The first business day in February brought more bad news about the economy. Following disappointing data in January on employment growth and the housing market, the manufacturing sector kicked off February with more signs of slower economic growth. This raised the question of whether the Federal Reserve mistimed its decision to go ahead with tapering its quantitative easing program in its recent meeting, rather than holding off until the economic signals are clearer.
Manufacturing sector is latest disappointment
On February 3, the Institute for Supply Management (ISM) released its Manufacturing Report on Business for January. This report, based on a survey of manufacturing supply managers, indicates that the manufacturing sector of the economy is still growing, but at a sharply slower pace than previously. Signs of slowing growth appeared across a variety of indicators from the ISM survey. The overall Purchasing Manager's Index declined by 5.2 percentage points in January. Especially troubling for future months, the New Orders Index declined even more drastically, with a 13.2 percent drop. Production and employment also reported lower figures. Like the disappointing jobs and housing reports previously, the disappointing manufacturing report was blamed by some on bad weather. Although the weather has been unusually harsh this winter, it is important to remember that most economic data is seasonally adjusted. In short, weather is taken into account to some extent, so there may be deeper problems here than the polar vortex.
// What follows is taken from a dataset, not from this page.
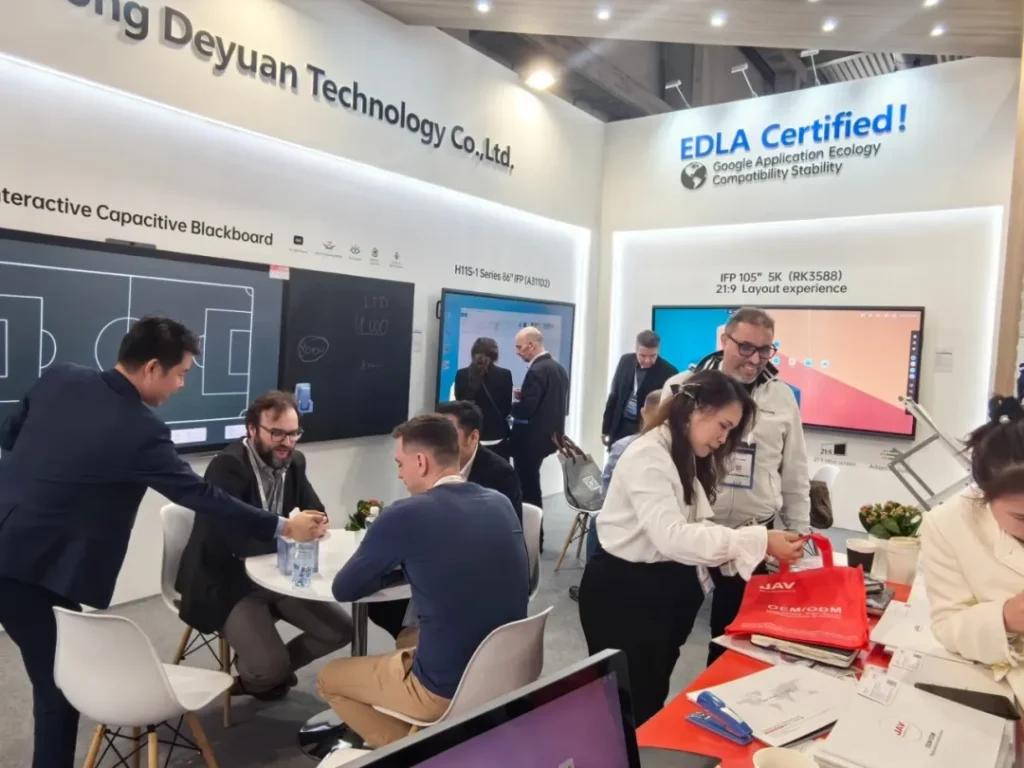 صورة لجناح السبورة الذكية JAV في معرض ISE 2024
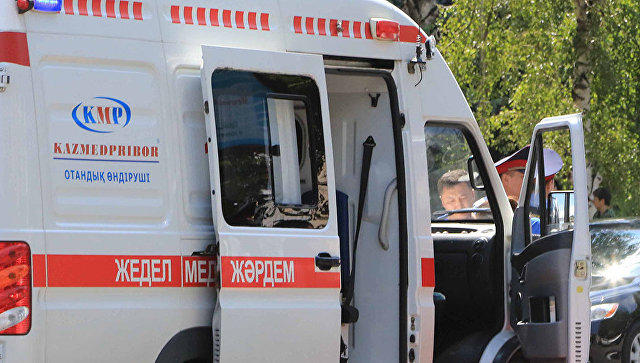 При взрыве в жилом доме в Казахстане погибли не менее двух человек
What is the Federal Reserve seeing?
Though the manufacturing report was not out yet when the Fed met in the last week of January, the weak employment and housing data were. Despite that, the Fed decided to continue to taper back its quantitative easing program, on the grounds that "economic activity picked up in recent quarters." That's a narrative that seemed true until December and January data started to come out. The financial markets certainly feel recent signals are troubling. The S&P 500 has dropped by about 5 percent so far in 2014. Meanwhile, 10-year Treasury bond yields have dropped by about 40 basis points since the end of 2013. The steep downward trajectory of bond yields continued despite the Fed's decision to cut back monthly bond purchases by another $10 billion -- a decision that under normal circumstances would be expected to send bond yields higher, not lower.